On the other hand, someone might use LIT_SKIP to skip tests that take too long time to run only on slow machine (others would have no LIT_SKIP). Marking the tests as XFAIL would prevent to skip passing tests.

The specified use-case in the description is about regressions, which I assume mean test failures, not slower tests.

That being said, if there's a requested use-case for actually skipping tests, due to resource limitations of the machine, maybe a complement to my suggestion would be to have an "UNSUPPORTED" equivalent.

I agree that both --skip (a.k.a. LIT_SKIP) and --xfail (a.k.a. LIT_XFAIL) are independently useful so I've updated the patch.

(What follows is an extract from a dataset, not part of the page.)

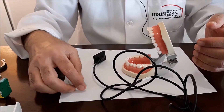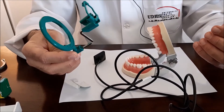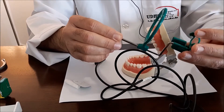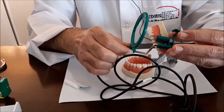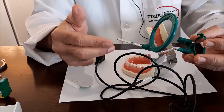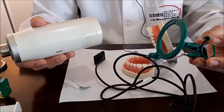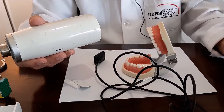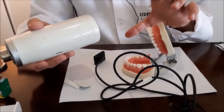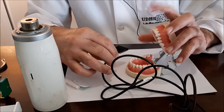Let us start with the central incisors. We will start without the use of a sensor holder — that is what we call the bisecting angle technique. The bisecting angle technique is easier to place because you are not going to use those bulky sensor holders. However, there is a great chance of elongation and shortening of the image because you have to calculate the angulation of the x-ray beam. From what we have seen, in about 95% of cases the images will appear longer and you will fail to capture the apex of the tooth.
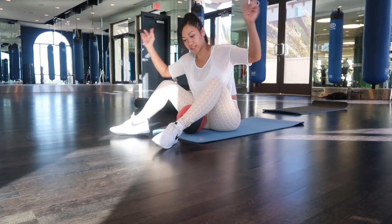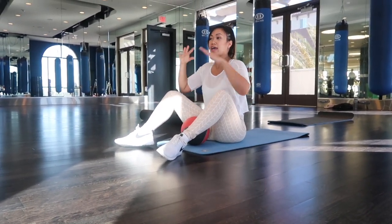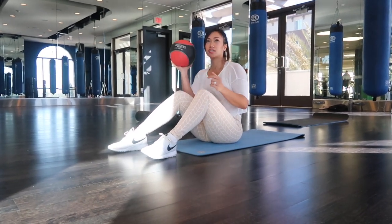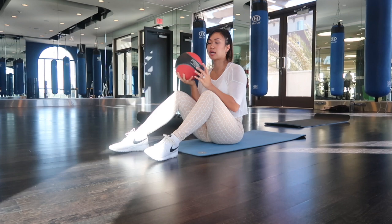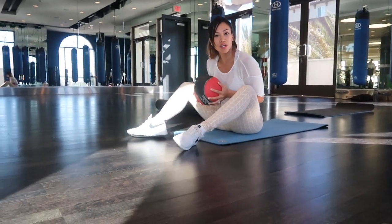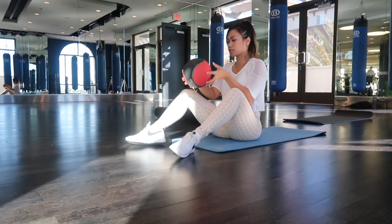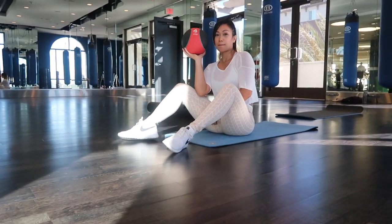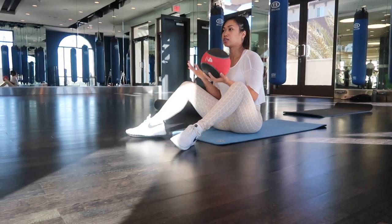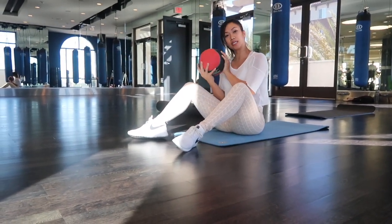Hey guys, welcome back to my channel. Today we are going to be doing some ab workouts using a medicine ball. You can do this with or without, but I'm going to do it with a medicine ball today. This one is a four pound medicine ball — I'm not trying to go too heavy, not too light. This is what I'm comfortable with. So let's begin.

davezarzycki retitled this revision from [lit] Add --skip (inverse of --filter) to [lit] Add --skip (inverse of --filter) and `--xfail`.Feb 15 2021, 6:20 AM
davezarzycki edited the summary of this revision. (Show Details)
jdenny added inline comments.Feb 15 2021, 6:45 AM
llvm/docs/CommandGuide/lit.rst
220

Why do we need more environment variables? Isn't LIT_OPTS sufficient? (LIT_FILTER, etc. predate LIT_OPTS.)

davezarzycki added inline comments.Feb 15 2021, 8:54 AM
llvm/docs/CommandGuide/lit.rst
220

I'm generally biased against designs that require thinking about shell escaping (or at least more than necessary).

If I might critique myself, I'm not sure that regular expression semantics are best for --xfail. One really wants and should use a precise list of some kind. Any thoughts on what that might look like? I'd lean toward a semicolon separated list.

After some thought, I think a list is better than a regex for --xfail. In contrast, having --skip take a regex makes sense because it is the opposite of --filter (like grep -v and grep respectively).

jdenny added inline comments.Feb 16 2021, 1:03 PM
llvm/docs/CommandGuide/lit.rst
220

I've been using --filter within LIT_OPTS for a while because I use LIT_OPTS for other purposes anyway. I don't find the escaping to be challenging. However, maybe quoting is harder in some shells, or maybe I've not imagined some use cases. OK, fair enough.

yln added a comment.Feb 16 2021, 2:44 PM

I can get behind --skip (patch LGTM), but would a little help to understand when --xfail=path/to/test1;path/to/test2 would be useful (which workflow?). Thanks!

In D96662#2566903, @yln wrote:

I can get behind --skip (patch LGTM), but would a little help to understand when --xfail=path/to/test1;path/to/test2 would be useful (which workflow?). Thanks!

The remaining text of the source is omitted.